Au contraire, il fallait jouer finement. Dans le genre :
« Oui on est tous victimes de cette oppression injuste, nous ne devons plus nous laisser faire, commander notre vie par des machines bureaucratiques et programmées à l’avance. Mais il faut résister à la tentation de tout détruire. N’oublions pas que nous sommes des privilégiés par rapport au reste du monde. Si nous suivons ces irresponsables révolutionnaires, nous allons tout droit à l’anarchie; au règne de la jungle, du plus fort, et le peu d’acquis que nous avons, nous le perdrons. Nous aurons la guerre sur notre sol, et qui sait peut-être la famine ou l’épidémie, comme en Inde ou en Afrique. Ne détruisons pas la poule aux oeufs d’or. Il faut se servir du processus intelligemment. C’est les Psychopols qui sont tous des vendus et des corrompus. C’est eux qu’il faut abattre. Puis choisir des gens intègres et honnêtes, des gens du terroir, pour les remplacer ! ».

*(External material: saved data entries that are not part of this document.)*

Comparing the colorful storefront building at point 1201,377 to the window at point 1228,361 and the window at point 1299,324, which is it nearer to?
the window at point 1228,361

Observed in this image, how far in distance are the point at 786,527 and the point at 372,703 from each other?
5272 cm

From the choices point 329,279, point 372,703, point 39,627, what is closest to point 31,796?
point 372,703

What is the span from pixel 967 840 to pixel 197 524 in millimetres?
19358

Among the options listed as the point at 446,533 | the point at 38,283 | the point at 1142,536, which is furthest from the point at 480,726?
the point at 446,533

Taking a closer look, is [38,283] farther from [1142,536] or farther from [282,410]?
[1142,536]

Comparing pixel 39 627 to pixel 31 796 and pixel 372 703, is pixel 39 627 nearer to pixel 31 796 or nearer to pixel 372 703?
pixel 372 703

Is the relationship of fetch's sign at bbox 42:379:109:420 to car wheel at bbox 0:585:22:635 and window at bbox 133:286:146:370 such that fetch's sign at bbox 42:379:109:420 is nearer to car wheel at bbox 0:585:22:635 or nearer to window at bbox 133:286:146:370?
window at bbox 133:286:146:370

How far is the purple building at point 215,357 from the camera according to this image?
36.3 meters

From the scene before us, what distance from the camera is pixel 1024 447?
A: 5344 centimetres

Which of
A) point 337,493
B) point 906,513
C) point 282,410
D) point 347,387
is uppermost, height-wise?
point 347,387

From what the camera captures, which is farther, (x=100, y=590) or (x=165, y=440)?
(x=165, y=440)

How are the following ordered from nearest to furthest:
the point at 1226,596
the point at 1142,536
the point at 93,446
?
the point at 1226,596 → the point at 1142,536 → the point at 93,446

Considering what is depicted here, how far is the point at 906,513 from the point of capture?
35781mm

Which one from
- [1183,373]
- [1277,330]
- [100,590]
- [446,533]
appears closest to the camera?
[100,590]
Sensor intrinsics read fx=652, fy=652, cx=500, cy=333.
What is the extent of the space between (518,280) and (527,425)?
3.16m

Et ce genre de discours était écouté.
Les vieux compagnons du père Tivlet et du grand-père de Serge, qui avaient repris du service « révolutionnaire » comme dans le temps aux heures glorieuses de l’union transnationale paysanne, avaient fort à faire pour expliquer, rabâcher, convaincre, argumenter, prouver, des fois promettre.
Les viticulteurs ne pouvaient pas apparaître en personne, ils étaient trop peu aimés, ils s’étaient toujours désolidarisés du lot commun, assurés qu’ils étaient de disposer à vie d’un solide matelas de valeurs. Il n’avait jamais été question pour eux d’adhérer au collectivisme paysan dont l’idéal était si implanté dans les mémoires du village. Mais leurs domestiques étaient là pour représenter leurs points de vue. Et qui, mieux que le domestique du maître, pouvait défendre les intérêts du maître. C’est pour cela que le village était en éffervescence. Jamais, depuis longtemps il n’y avait eu autant d’agitation dans les chaumières.

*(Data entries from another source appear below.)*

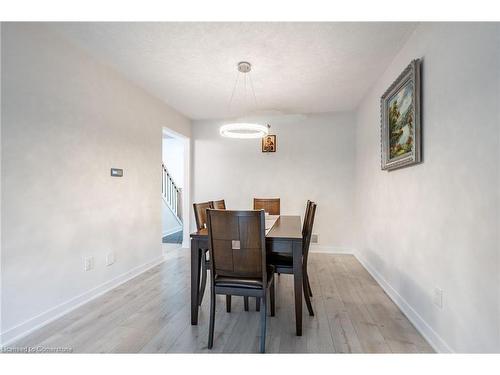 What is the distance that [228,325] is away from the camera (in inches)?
78.4

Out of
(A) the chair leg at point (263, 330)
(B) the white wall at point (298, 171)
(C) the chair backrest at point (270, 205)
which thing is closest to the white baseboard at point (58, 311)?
(A) the chair leg at point (263, 330)

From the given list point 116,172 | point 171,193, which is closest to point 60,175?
point 116,172

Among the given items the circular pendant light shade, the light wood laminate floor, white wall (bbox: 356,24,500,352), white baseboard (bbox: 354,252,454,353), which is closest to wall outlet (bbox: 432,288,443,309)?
white wall (bbox: 356,24,500,352)

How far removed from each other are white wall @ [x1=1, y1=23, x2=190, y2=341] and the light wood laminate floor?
0.29m

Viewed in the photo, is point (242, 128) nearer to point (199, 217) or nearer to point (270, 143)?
point (199, 217)

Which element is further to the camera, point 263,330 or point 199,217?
point 199,217

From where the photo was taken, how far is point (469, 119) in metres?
1.41

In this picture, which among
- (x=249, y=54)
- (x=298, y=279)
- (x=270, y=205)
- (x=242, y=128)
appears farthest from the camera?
(x=270, y=205)

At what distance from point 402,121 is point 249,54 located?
5.06 ft

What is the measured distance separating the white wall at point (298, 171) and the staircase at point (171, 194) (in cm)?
191

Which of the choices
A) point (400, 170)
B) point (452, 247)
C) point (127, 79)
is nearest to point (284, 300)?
point (452, 247)

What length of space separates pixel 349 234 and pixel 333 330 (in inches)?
104

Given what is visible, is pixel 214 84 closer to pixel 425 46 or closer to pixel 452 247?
pixel 425 46

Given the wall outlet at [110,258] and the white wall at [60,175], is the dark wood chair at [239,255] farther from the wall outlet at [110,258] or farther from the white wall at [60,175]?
the wall outlet at [110,258] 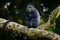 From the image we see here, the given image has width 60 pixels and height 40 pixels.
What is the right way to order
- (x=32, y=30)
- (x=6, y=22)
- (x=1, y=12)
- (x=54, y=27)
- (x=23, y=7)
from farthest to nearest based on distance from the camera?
(x=23, y=7), (x=1, y=12), (x=54, y=27), (x=6, y=22), (x=32, y=30)

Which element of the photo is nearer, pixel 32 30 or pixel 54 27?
pixel 32 30

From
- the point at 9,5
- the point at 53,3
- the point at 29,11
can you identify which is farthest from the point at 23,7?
the point at 29,11

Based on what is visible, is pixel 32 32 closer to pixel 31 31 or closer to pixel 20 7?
pixel 31 31

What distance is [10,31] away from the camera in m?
6.28

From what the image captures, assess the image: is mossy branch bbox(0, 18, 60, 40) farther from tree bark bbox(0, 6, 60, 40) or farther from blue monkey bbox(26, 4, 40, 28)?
blue monkey bbox(26, 4, 40, 28)

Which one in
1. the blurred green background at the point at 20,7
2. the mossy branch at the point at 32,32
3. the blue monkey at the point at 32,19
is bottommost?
the blurred green background at the point at 20,7

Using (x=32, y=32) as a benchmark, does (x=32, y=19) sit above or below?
below

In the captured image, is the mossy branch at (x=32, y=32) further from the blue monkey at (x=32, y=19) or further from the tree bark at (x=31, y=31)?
the blue monkey at (x=32, y=19)

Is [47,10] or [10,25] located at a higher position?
[10,25]

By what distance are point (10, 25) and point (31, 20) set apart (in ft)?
5.55

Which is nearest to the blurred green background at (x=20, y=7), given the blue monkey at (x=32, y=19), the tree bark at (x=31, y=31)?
the blue monkey at (x=32, y=19)

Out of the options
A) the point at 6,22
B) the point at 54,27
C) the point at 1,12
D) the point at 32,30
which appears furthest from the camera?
the point at 1,12

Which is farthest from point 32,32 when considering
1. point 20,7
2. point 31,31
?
point 20,7

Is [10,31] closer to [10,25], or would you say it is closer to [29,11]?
[10,25]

Sur les conseils des anciens, le banni avait été mis sur la touche, il valait mieux qu’il ne se montre pas de trop, afin de ne pas éffaroucher les indécis. Qu’il reste là, avec ses ordinateurs et ses jeux interactifs et qu’il passe pour un farfelu déconnecté de la réalité, voilà qui était le mieux. Pour l’heure, l’ordinateur de classe B était prêt, il suffisait de pouvoir le connecter sur les circuits d’énergie autonome, ce qui serait possible dans quelques jours grâce à des communications codées passées de chez le dentiste, ils avaient su qu’un appareil du même type avait déjà été mis en route à Stockolm et brouillait toutes les informations des organes de sécurité du processus. Cela marchait donc. Il suffisait de pouvoir reconnecter. Dans quelques jours !
Pour l’heure, le banni faisait terrasse au bar du village, régulièrement tous les midis, et tous les soirs, profitant des derniers beaux-jours de l’ancien temps, humant la nouvelle atmosphère, laissant traîner ses oreilles et ses yeux. Il avait bon espoir.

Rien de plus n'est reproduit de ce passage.